Emerson and Ottawa deny having been informed of the reasons why talks on the matter, begun in 2005, have stalled, but observers speculate that Ottawa's refusal to hand over fugitive refugee claimant Lai Changxing (賴昌星), wanted in China on smuggling charges, may be behind the impasse.

This request has caused the Canadian government many headaches.

Canadian law stipulates that an individual can only be extradited if, after conducting a pre-removal risk assessment (PRRA), the government is confident that the individual, along with his or her relatives, will not, in line with the Geneva Convention, be persecuted, tortured or subjected to cruel or unusual treatment after being handed over to the claimant.

Since Lai fled from Hong Kong to Vancouver in 1999, Ottawa has conducted a number of PRRAs, and the conclusions -- which should be fairly easy to imagine, conditions in China being what they are -- did not vary much over the years.

But last year Beijing gave Ottawa assurances it would not execute Lai if he were extradited, resulting in a ruling that Lai could safely be handed over to Chinese authorities. That decision was then overturned by Federal Court Justice Yves de Montigny, who wisely countered that Beijing's promises were hardly reliable.
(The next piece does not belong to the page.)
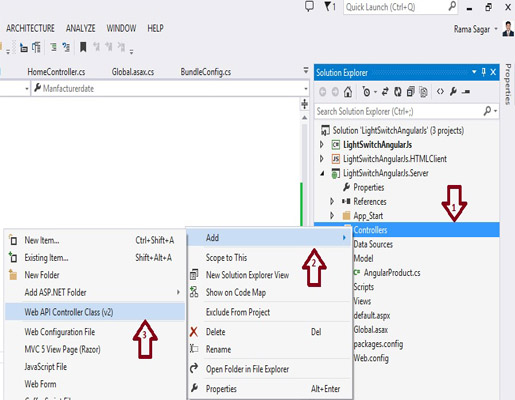 Create WebAPI2 Controller class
As a result, Lai remains in Canada, a circumstance that continues to poison relations between Ottawa and Beijing.

Another reason given for the stalled ADS talks is Canada's "fierce" -- as one news agency recently put it -- criticism of China about human rights and, late last year, the official visit of the Dalai Lama to Ottawa, where he was received by Canadian Prime Minister Stephen Harper.

"Fierce"? Hungry with trade opportunities and seeking to level the imbalance in the US$42 billion two-way trade between the two countries (China is now Canada's third-largest export market), Ottawa's so-called criticism of Beijing's deplorable record on human rights has been anything but fierce. In fact, as Emerson's visit has highlighted, Canada has been more than willing to feign myopia to maximize its chances of doing business with China.
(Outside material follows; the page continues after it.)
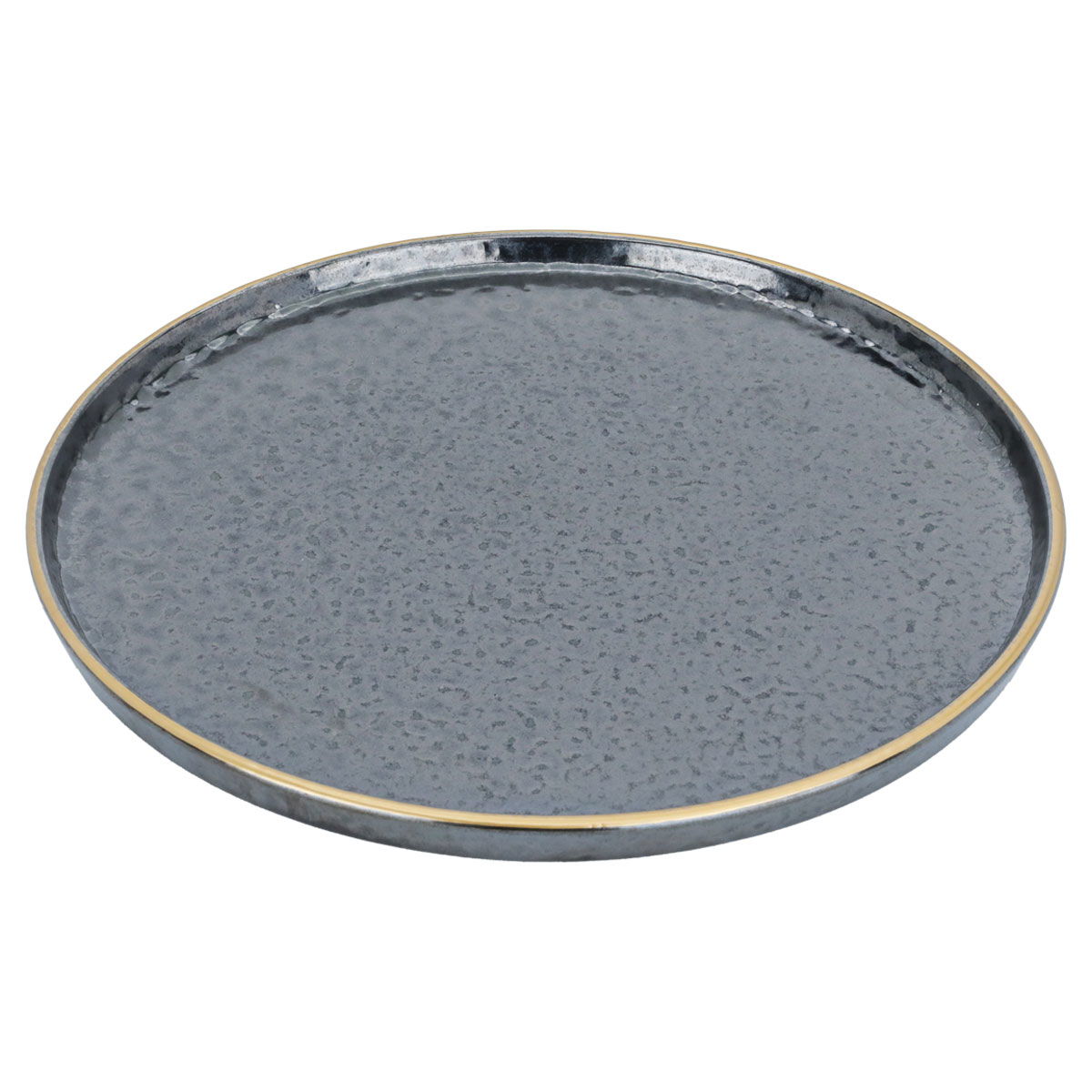 Al Saif Gallery porcelain serving plate, 28 x 28 x 11 cm, round - black product image 3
The criticism theory does not hold water as a reason for Beijing denying Canada an ADS agreement, as Ottawa's criticism of Beijing has not been more vociferous than that of other countries, such as the US, with whom China has tourism agreements.

With China's hunger for trade (including tourism) as ebullient as Canada's, the sticking point must therefore be sufficiently threatening to Beijing as to compel it to sacrifice its opportunities. So what is it?

Despite its size, Canada's political footprint on the international scene is rather light and, unlike the US, its military presence abroad does not threaten China in any imaginable way. Politically, Ottawa recognized Beijing even before Washington did and has unwaveringly entertained ties ever since. Its position on Taiwan, meanwhile, has been consistent and can hardly be characterized as favoring Taipei over Beijing. It doesn't even have constituents, as in the US Congress, who are "supporters" of Taiwan.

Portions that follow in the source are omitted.